I’m working on an application which has a feature of export of tabular data into a specified database table. The app uses INSERT
statements to export its data to a target database.
Insert is done through a batched INSERT
statement with 100 rows per one SQL INSERT
statement (for now I can’t use BULK INSERT
or bcp
).
I’ve noticed that export time raises disproportionately when the number of columns in the source data exceeds some number (that number is not a fixed one and depends on size of the values, number of rows in each INSERT
and so on).
For example, export of 50 000 rows (500 INSERT
statements with 100 rows in each) of random strings with 100 chars each and 100 rows per INSERT
takes:
3 sec with 5 columns 6 sec with 10 columns 56 sec with 15 columns 77 sec with 20 columns
Note the difference in export time between 10 and 15 columns. I was expecting that export time of 15 columns will be 9-10 sec, but it’s actually 5 times longer. I was able to find similar performance degradation while testing export of other datasets.
In order to be sure that the problem is not on my side, I ran the sames set of INSERT
statements through sqlcmd.exe
. I got similar results.
Question: What can I do to make SQL Server to work with large number of columns as fast as with a small one? Or at least “move” the point of performance degradation to a larger number of columns?
Additional details:
INSERT
queries were executed on a local SQL Server Express 2014 (64-bit), version 12.0.5000.0;- Database recovery model is set to Simple;
- All the
INSERT
statements were wrapped in a single transaction (I tried to callCOMMIT
after eachINSERT
, but the results were pretty much the same); - Target table was created before each test. It was a simple table without any indexes, foreign keys, constraints, etc.;
- Hard drive performance doesn’t seems to be the source of the problem because during the first two tests (with 5 and 10 columns) disk write speed of
sqlservr.exe
process was 10 times greater than during the last two cases.

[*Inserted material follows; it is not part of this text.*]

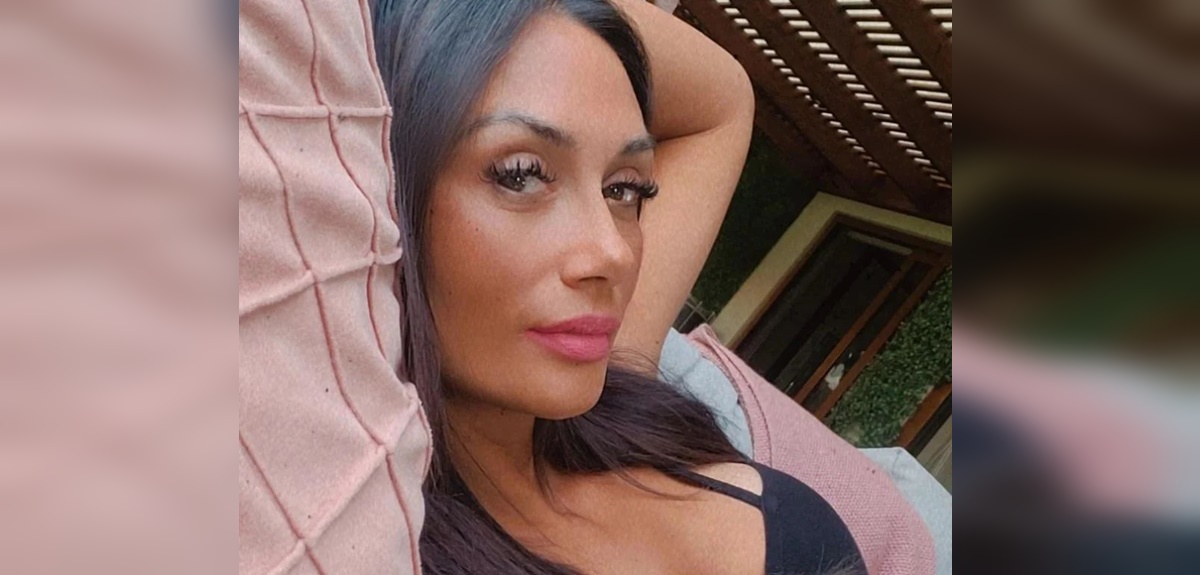 Pamela Díaz y su honesta reflexión en Instagram: "Tomé la opción de ser feliz"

Tables are created like this:
CREATE TABLE [Test_Table]
(
[Column 1] VARCHAR(255),
[Column 2] VARCHAR(255),
[Column 3] VARCHAR(255),
[Column 4] VARCHAR(255),
[Column 5] VARCHAR(255)
)
The data looks like this (each cell actually contains 100 chars long string, all the string in the same row are equal):
+------------+------------+------------+------------+------------+ | [Column 1] | [Column 2] | [Column 3] | [Column 4] | [Column 5] | +------------+------------+------------+------------+------------+ | R6YZ..uWaQ | R6YZ..uWaQ | R6YZ..uWaQ | R6YZ..uWaQ | R6YZ..uWaQ | | DMNW..Kh0a | DMNW..Kh0a | DMNW..Kh0a | DMNW..Kh0a | DMNW..Kh0a | | GKbg..yuap | GKbg..yuap | GKbg..yuap | GKbg..yuap | GKbg..yuap | | pG+f..64bX | pG+f..64bX | pG+f..64bX | pG+f..64bX | pG+f..64bX | | O2Q7..fTNF | O2Q7..fTNF | O2Q7..fTNF | O2Q7..fTNF | O2Q7..fTNF |
Here are two examples with reproduce the issue:
http://rextester.com/OZI56670 (10 columns, ~0,09 sec)
http://rextester.com/HLAP4972 (11 columns, ~0,45 sec)
Best Answer
The difference between the repro that you have posted with 10 columns and 100 rows and 11 columns and 100 rows is that the execution plan for the first one uses Simple Parameterization.
The actual execution plan for the 10 columns lists parameters from
@1
to@1000
.11 * 100
is1100
. But one thousand seems to be the maximum number of parameters an auto parameterised query can reach.You are doing 10 inserts for each. In the 10 column case the plan can be compiled once and reused for the other 9 inserts. In the 11 column case each insert statement needs to be compiled individually.
Moreover the process of compilation takes longer when SQL Server has the literal values to look at as it spends time working out properties of the group (or at least this used to be the case I'm not sure if this has changed in more recent versions).